---
title: "Problem set 3: RCTs, matching, and inverse probability weighting"
author: "YOUR NAME HERE"
date: "DATE GOES HERE"
output: 
  html_document: 
    toc: yes
  pdf_document: 
    latex_engine: xelatex
    toc: yes
  word_document: 
    toc: yes
---

---

# Program overview

The metropolitan Atlanta area is interested in helping residents become more environmentally conscious, reduce their water consumption, and save money on their monthly water bills. To do this, Fulton, DeKalb, Gwinnett, Cobb, and Clayton counties have jointly initiated a new program that provides free rain barrels to families who request them. These barrels collect rain water, and the reclaimed water can be used for non-potable purposes (like watering lawns and gardens). Officials hope that families that use the barrels will rely more on rain water and will subsequently use fewer county water resources, thus saving both the families and the counties money.

Being evaluation-minded, the counties hired an evaluator (you!) before rolling out their program. You convinced them to fund and run a randomized controlled trial (RCT) during 2018, and the counties rolled out the program city-wide in 2019. You have two datasets: `barrels_rct.csv` with data from the RCT, and `barrels_obs.csv` with observational data from self-selected participants.

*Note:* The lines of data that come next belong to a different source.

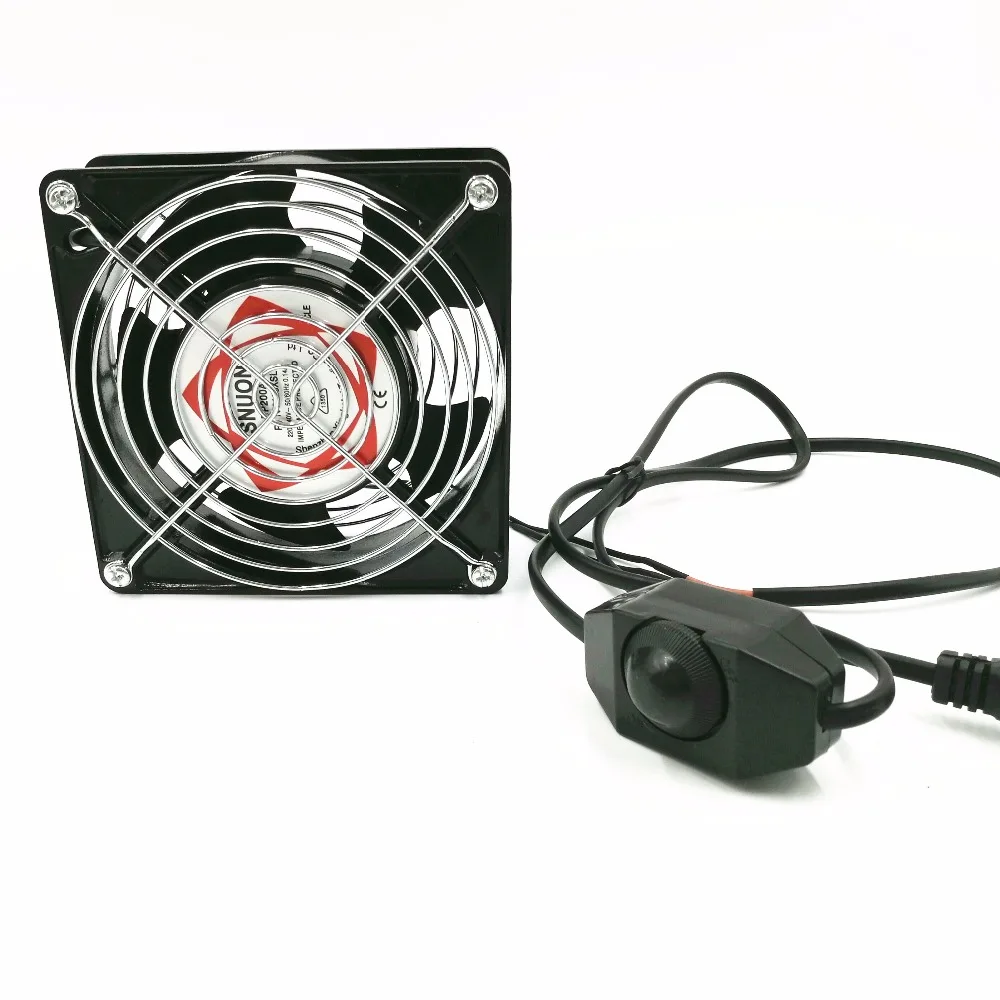 220V Exhaust fan Soldering iron Air Blower Soldering station Welding smoking device Smoke exhaust fan blow Ventilation exhaust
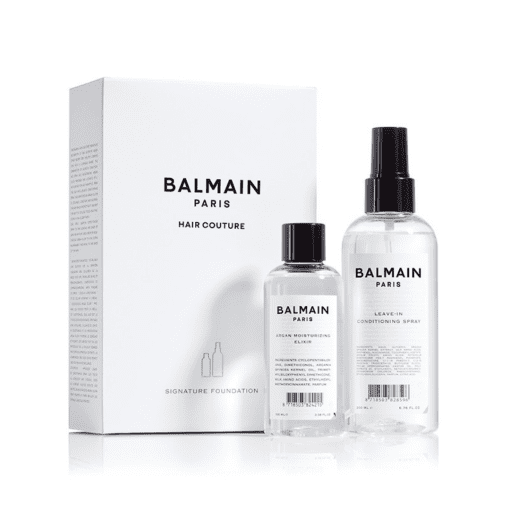 BALMAIN HAIR juukseid sügavuti niisutav ja sära andev komplekt LOVE is in the (H)air / Signature Foundation Set LOVE is in the (H)air - Image 2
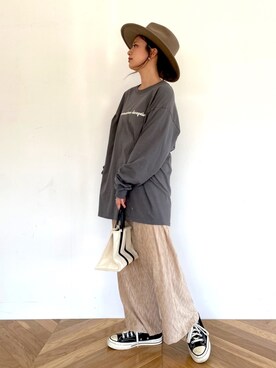 ちーかまさんのコーディネート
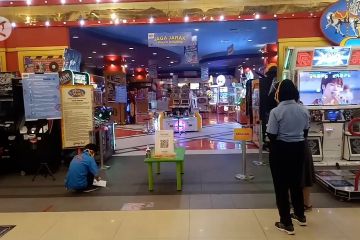 PPKM level 2, arena bermain anak di Kota Tangerang bersiap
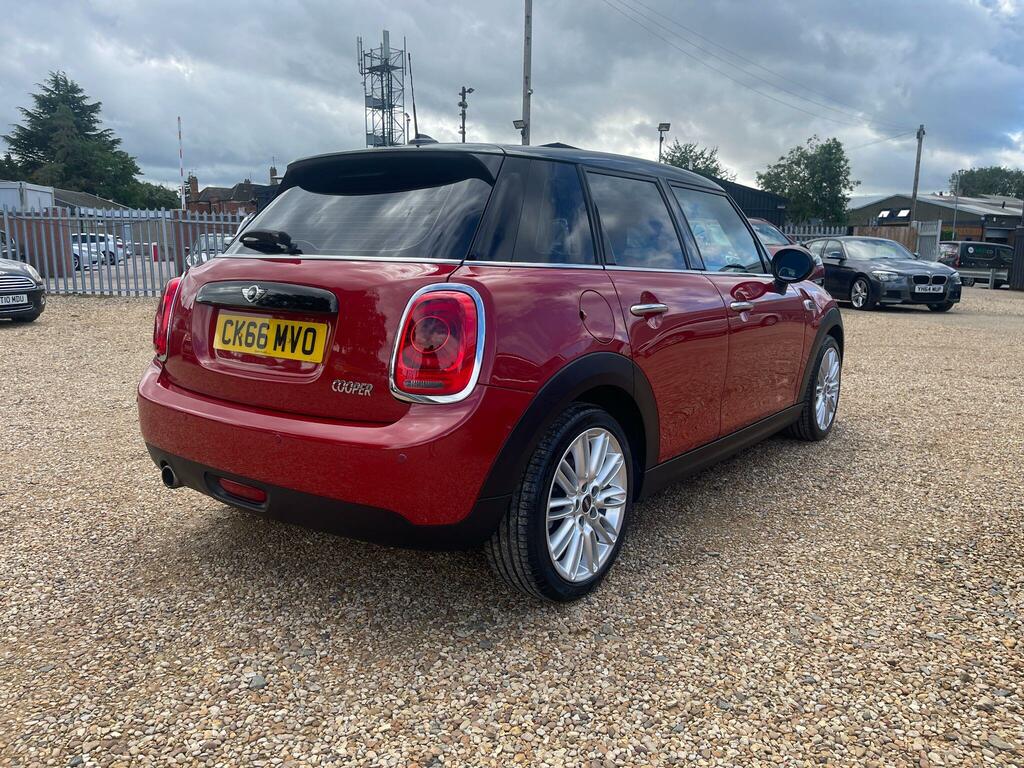 Mini Hatch 1.5 Cooper Euro 6 Ss Red #6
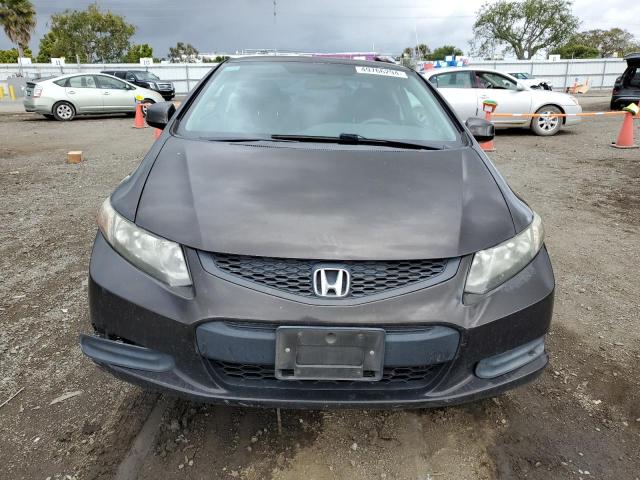 2HGFG3B55DH507897 - 2013 HONDA CIVIC LX GRAY photo 5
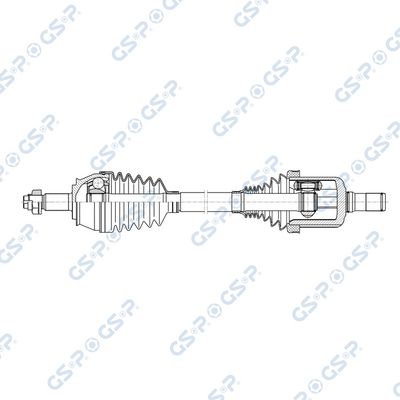 Приводной вал GSP 256985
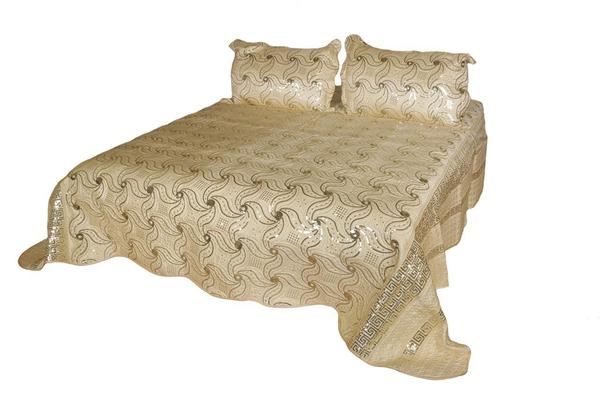 Lavella Maribel Yatak Örtü Takımı Krem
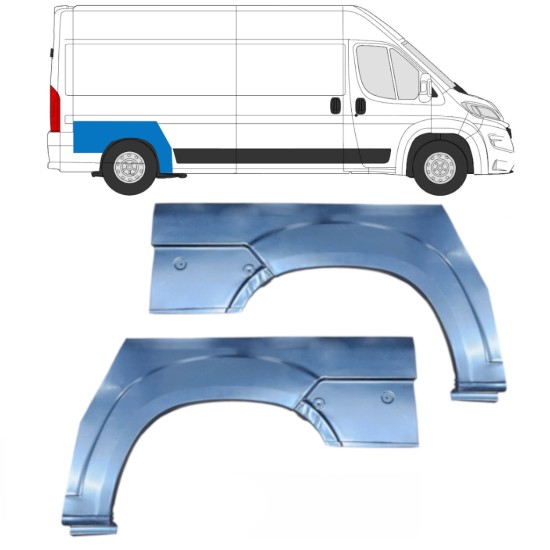 Bok delni za Opel Movano 2021-2026 / Levo+Desno 16440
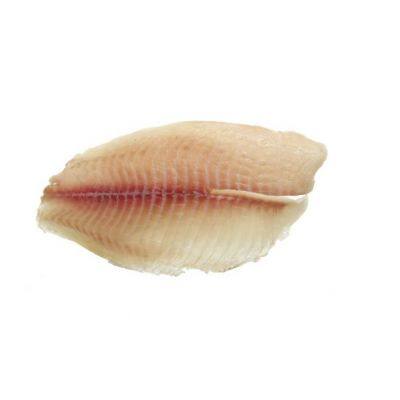 Frozen tilapia fillet non CO treated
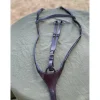 - Marque inconnue - Colliers De Chasse>Collier de chasse cheval cuir marron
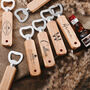 Personalised Bottle Opener – Dad Grandpa Christmas Gift, thumbnail 1 of 3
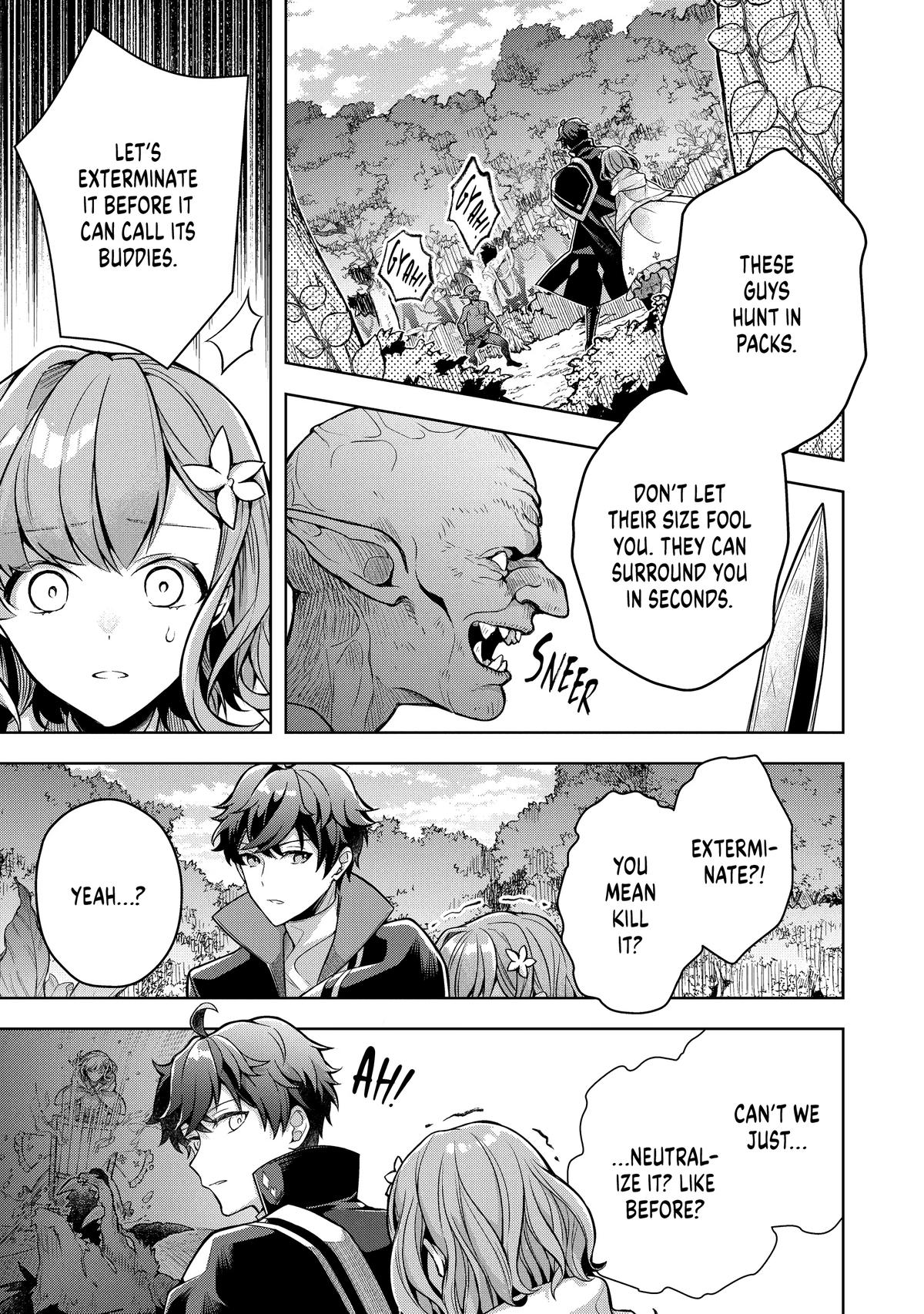 Zero Damage Sword Saint Chapter 8 - Page 7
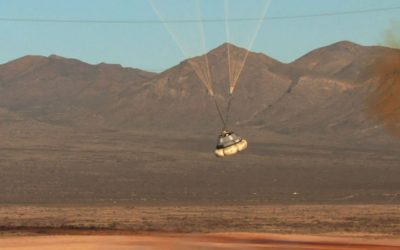 [Vidéo] Boeing et SpaceX testent les parachutes de leurs capsules spatiales – L&rsquo;Usine Aéro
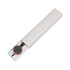 A sleek, white gift box contains a round, black and orange cable slider, designed for pen packaging.
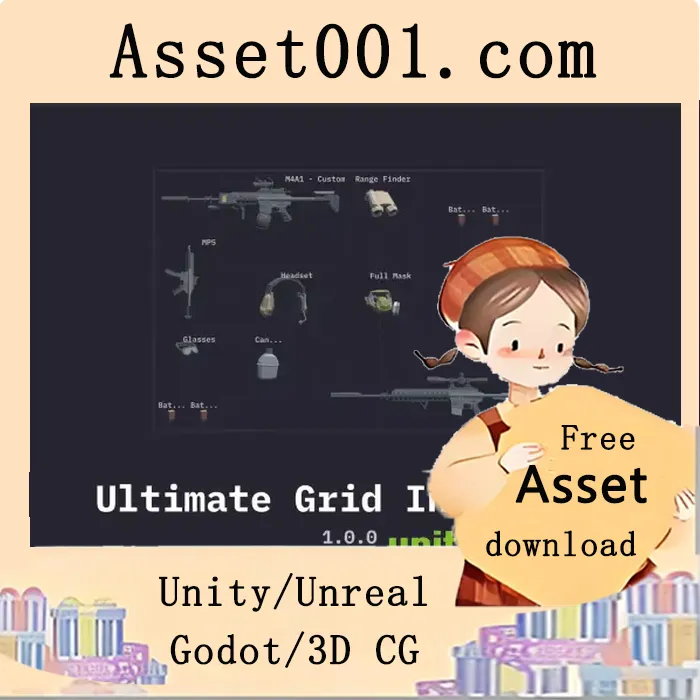 Ultimate Grid Inventory v1.4.1|Ultimate Grid Inventory v1.4.1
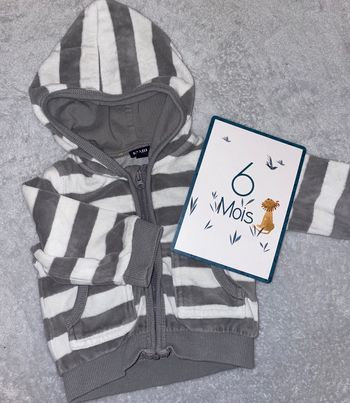 Sweat-shirt bébé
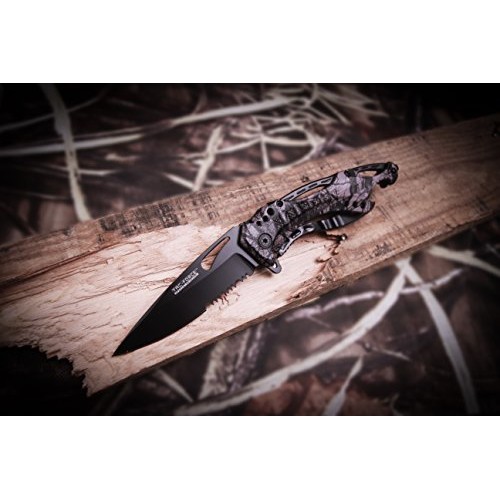 TAC Force TF-705FC Tactical Spring Assisted Knife 4.5 Closed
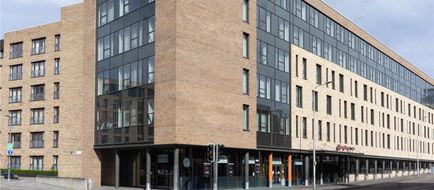 Hampton by Hilton Edinburgh West Exterior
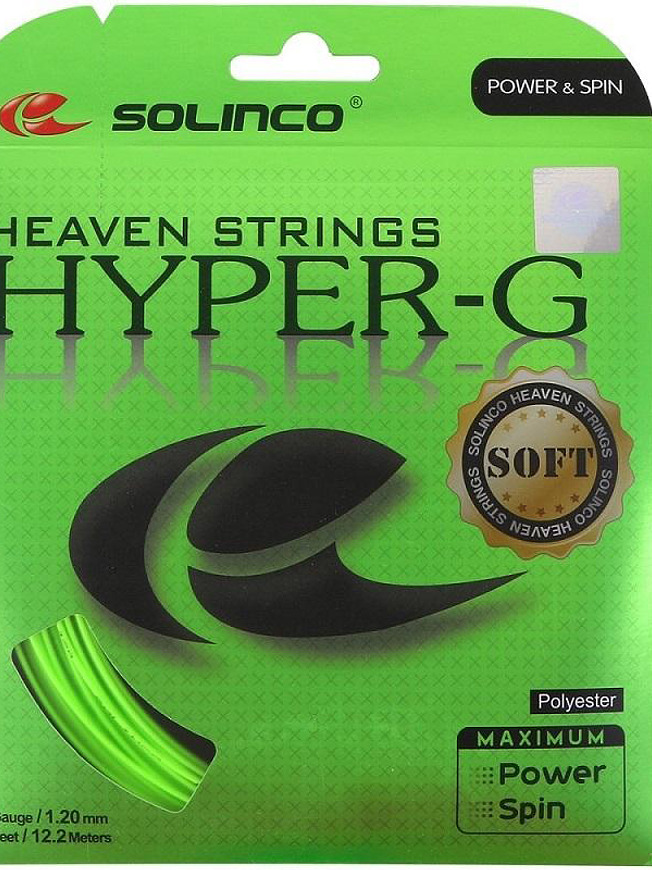 Теннисная струна Solinco Hyper-G Soft (12,2 м)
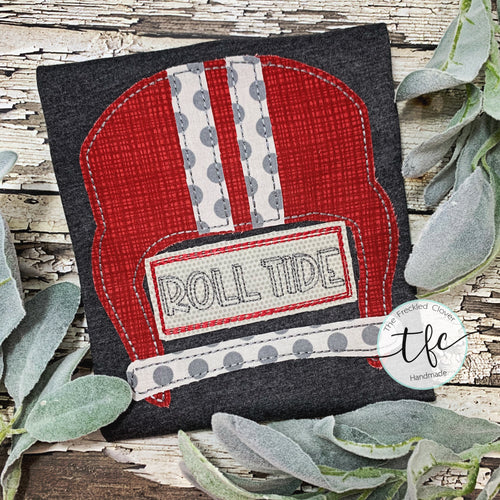 {Vintage Football Helmet} *CUSTOMIZE ME!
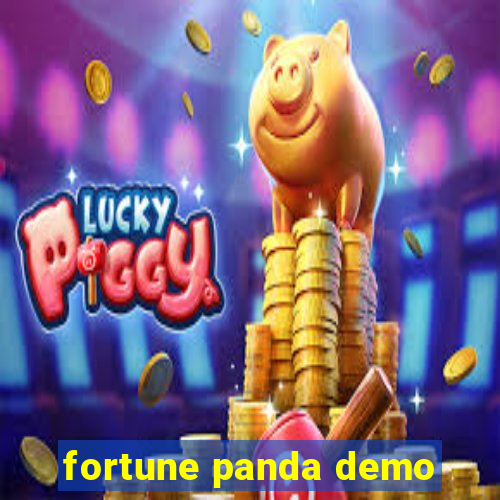 fortune panda demo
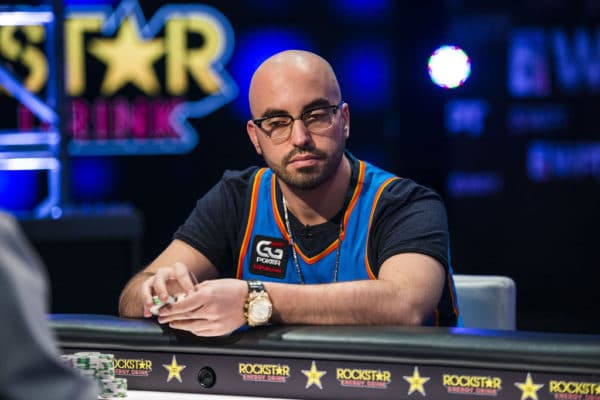 bryn kenney at the wpt in 2018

These datasets contain the following variables:

- `id`: A unique ID number for each household
- `water_bill`: The family's average monthly water bill, in dollars
- `barrel`: An indicator variable showing if the family participated in the program
- `barrel_num`: A 0/1 numeric version of `barrel`
- `yard_size`: The size of the family's yard, in square feet
- `home_garden`: An indicator variable showing if the family has a home garden
- `home_garden_num`: A 0/1 numeric version of `home_garden`
- `attitude_env`: The family's self-reported attitude toward the environment, on a scale of 1-10 (10 meaning highest regard for the environment)
- `temperature`: The average outside temperature (these get wildly unrealistic for the Atlanta area; just go with it)


# Your goal

Your task in this problem set is to analyze these two datasets to find the causal effect (or average treatment effect (ATE)) of this hypothetical program. 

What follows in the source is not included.